In so many of the pictures, children painted their families as if they were whole and no one had died, health workers said.
Many of the children “blame themselves for having survived,” Colak said. Teenagers especially tried to “suppress their trauma,” believing they needed to stay strong for their families.
Outside the town, concrete foundations have been poured between olive groves and a highway, and the shells of half a dozen apartment blocks have already appeared. Elsewhere in the province, large, tidy village homes have also been completed. The construction is being overseen by TOKI, the state housing agency, whose projects survived the earthquakes better than many privately constructed buildings. Inspectors, working for the government or private companies, said strict construction standards were being applied to the new developments, despite the speed with which they were being erected.
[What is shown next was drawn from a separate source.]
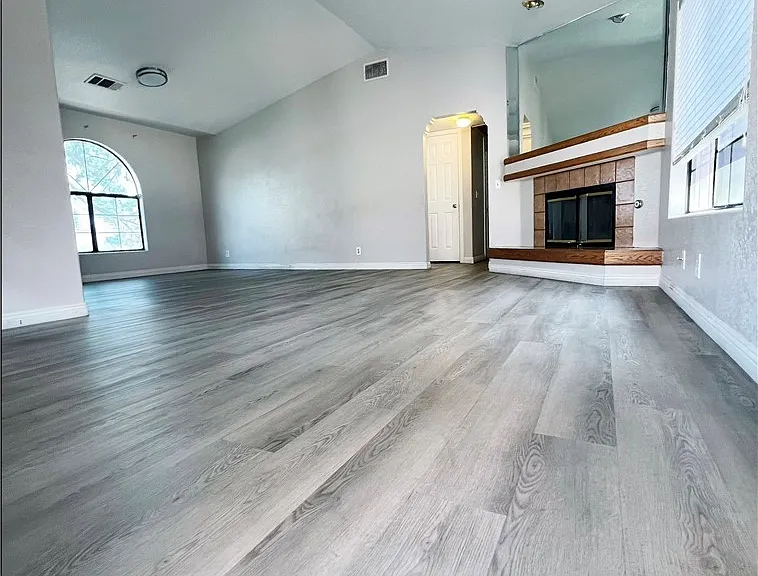 1405 Santa Margarita St #E — Photo 2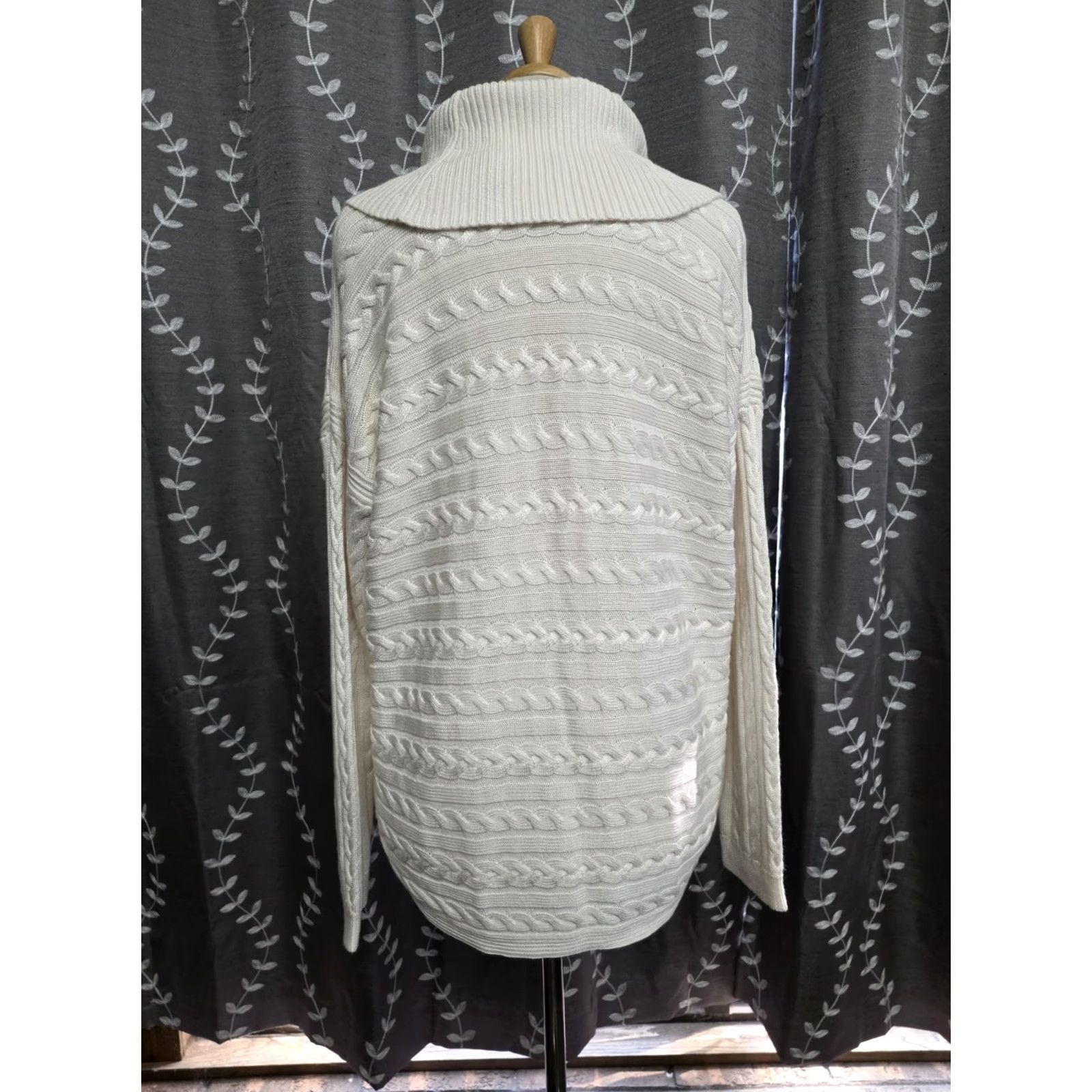 Ralph Lauren VINTAGE Lauren Ralph Lauren Cowl Neck Cable Knit Sweater Ivory Womens XL EUC Size XL / US 12-14 / IT 48-50 - 4 Thumbnail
The plans call for more than 5,000 units to be built across the district, construction officials said, adding that it was still unclear whether commercial activities would resume in the old town or be moved closer to the new housing.
Zeynel Akar, 43, a Nurdagi resident who works as an accountant for one of the building contractors, said the success of the project would depend on whether businesses and job opportunities came back to Nurdagi and whether things like stores were built at the new site. “If not, people will have to migrate somewhere else,” he said. “Because life is not sustainable.”
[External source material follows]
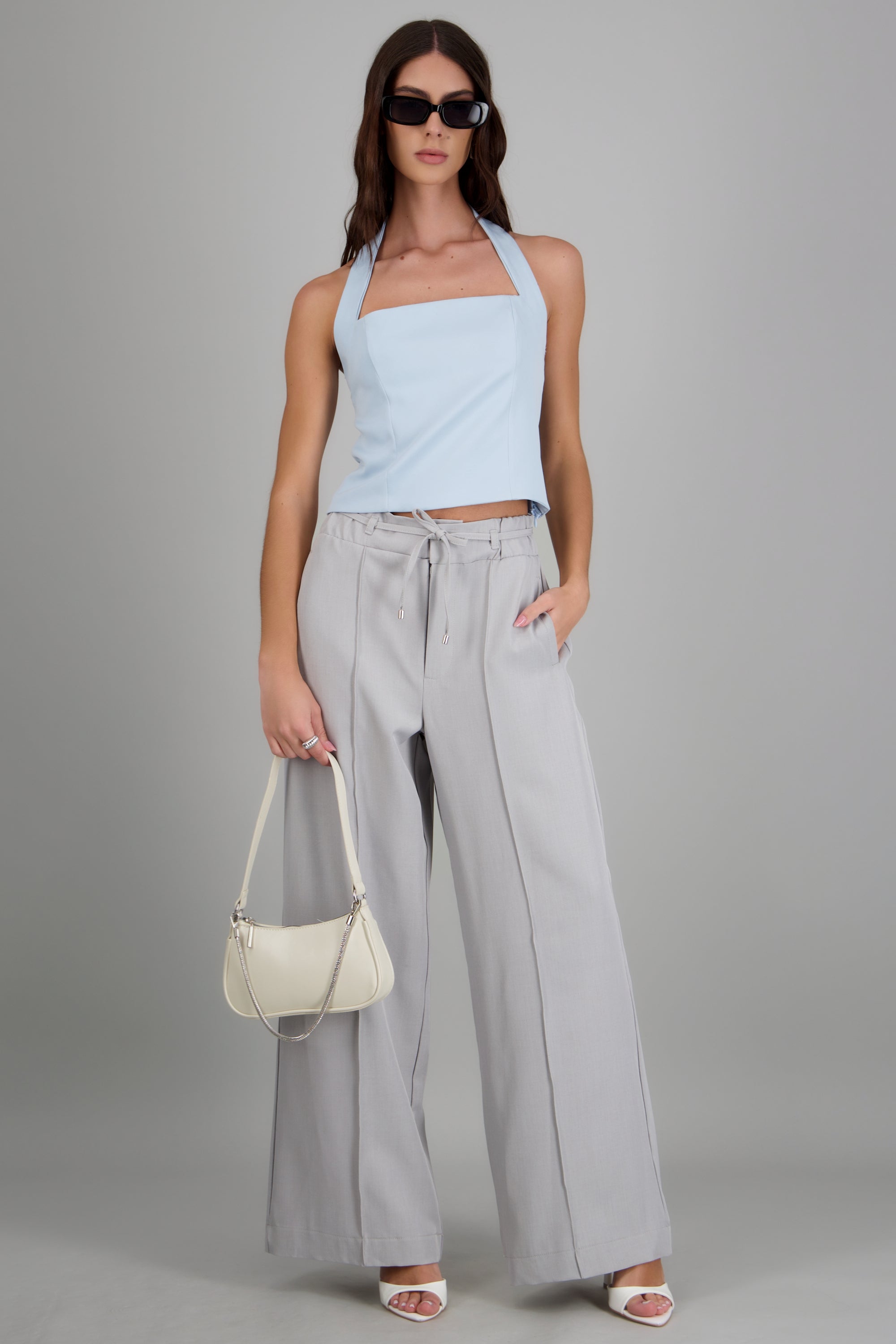 Pantalon amplio detalle jareta GRIS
Viewed from the mountains above Nurdagi, the container camps now dominate the landscape. Some of the units came from Qatar, where they were used to house ticket holders during soccer’s recent World Cup.
In one camp, Hatice Koyuncu’s family had customized their unit, building a porch from discarded plywood and growing a garden of eggplant, tomatoes and peppers, an activity she said helped her kill time and soothed her epilepsy. The family was hoping for one of the new apartments, or else permission to rebuild their destroyed home. “God willing,” Koyuncu said.
Her 21-year-old daughter, Nuray, was more anxious about the future: worried about her responsibilities as the eldest child to take care of her family. She feared they would not be able to afford one of the new apartments while they paid off debts incurred before the earthquakes. She was about to graduate from college, trained as a lab technician, but fretted she would not be able to find a job if she didn’t leave Nurdagi, and couldn’t leave without bringing her mother and younger brother along.
“I am feeling very nervous about these things,” she said. And she was haunted by the past.
When she visited the old town now, she was struck by the “loneliness” of the city and how dark it was at night. The rubble reminded her of those who had been trapped beneath it.
“It’s a very devastating thing to see in the place where you grew up,” she said. “It’s going to pass. But I don’t know if it will be forgotten.”